Avec ce livre, Lambersy nous embarque dans une fresque foisonnante. Il faudrait dresser un inventaire des noms propres pour rendre compte de tout ce qui est brassé au cours des pages. Des noms de personnages puisés dans la littérature, des noms de personnalités politiques ou artistiques qui ont émaillé l’histoire depuis bien longtemps, des appellations cosmopolites de pays et de villes.

Tout cela développé à l’intérieur d’une vision globale du monde tel que le voilà devenu aujourd’hui et accompagné de citations d’auteurs divers. L’écriture s’articule, pour la majeure partie des pages, autour de tercets, choix qui permet au lecteur de n’avoir pas l’impression d’être noyé sous un flot de mots. Le français côtoie le flamand, l’allemand, l’italien, le latin. Les images abondent, notamment celles que l’auteur privilégie parfois à profusion, les métaphores au génitif.

La passé se relie au présent. Pas seulement pour évoquer des événements d’autrefois mais aussi pour les insérer dans l’actuel car ce qui s’est passé et qui n’aurait pas dû se reproduire a, souvent, recommencé, comme si les erreurs de jugement ne servaient pas d’expérience. Car l’homme semble ainsi s’être fait des mêmes désirs, des mêmes pulsions de violence, de la même inconscience quant aux conséquences de ses actes irresponsables. Conclusion : de Caïn à maintenant « Jamais / L’espèce humaine /N’a oublié /D’être féroce méchante / Impitoyable ».

Bien des aspects de l’humain sont convoqués. Les conflits armés sont remémorés car « La guerre / Engraisse les plus gras » : Oradour, «[…] les camps / Dont la fumée a fermé / Les cieux », Hiroshima, le napalm du Vietnam, la Syrie, « […] le râle de ceux qui gisent / sur les trottoirs des attentats »… Les dérives du néolibéralisme apparaissent en filigrane. La création dévoyée est dénoncée : « L’art marchand veut / Le leurre / Et l’argent du leurre ». Le déséquilibre écologique est évoqué. Lambersy, ici, renoue avec les moments visionnaires où Verhaeren et Plisnier, autrefois, dénoncèrent le monde en train d’advenir.

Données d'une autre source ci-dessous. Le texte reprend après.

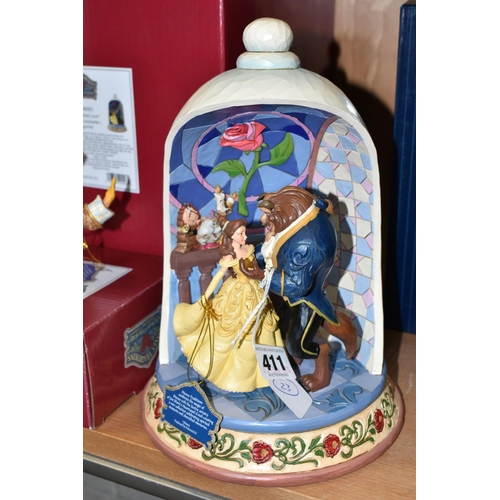 411 - TWO BOXED ENESCO DISNEY SHOWCASE 'BEAUTY AND THE BEAST' FIGURES, Disney Traditions by Jim Shore, com... 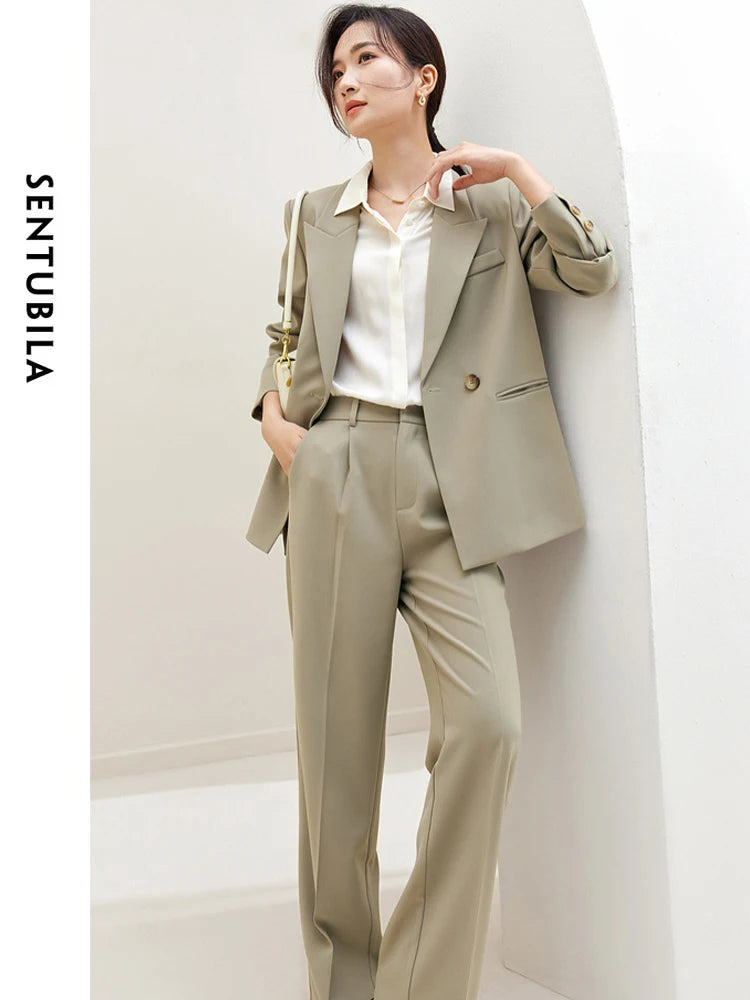 SENTUBILA Blazer Pant Suit Two Piece Set For Women Business Work Outfits 2025 Autumn Elegant Fashion Clothing Sets 133Z49975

Quant aux peintures d’Anne-Marie Vesco qui accompagnent le texte, elles ont, outre des couleurs brumeuses, la suggestivité de faire ressortir des éléments mythologiques à travers des évocations de personnages étranges, de lieux insolites. Ces images rejoignent la préface d’Hubert Haddad lorsqu’il écrit que l’auteur va “convoquant à sa tribune de songe les spectres de l’Histoire et ses grands esprits”.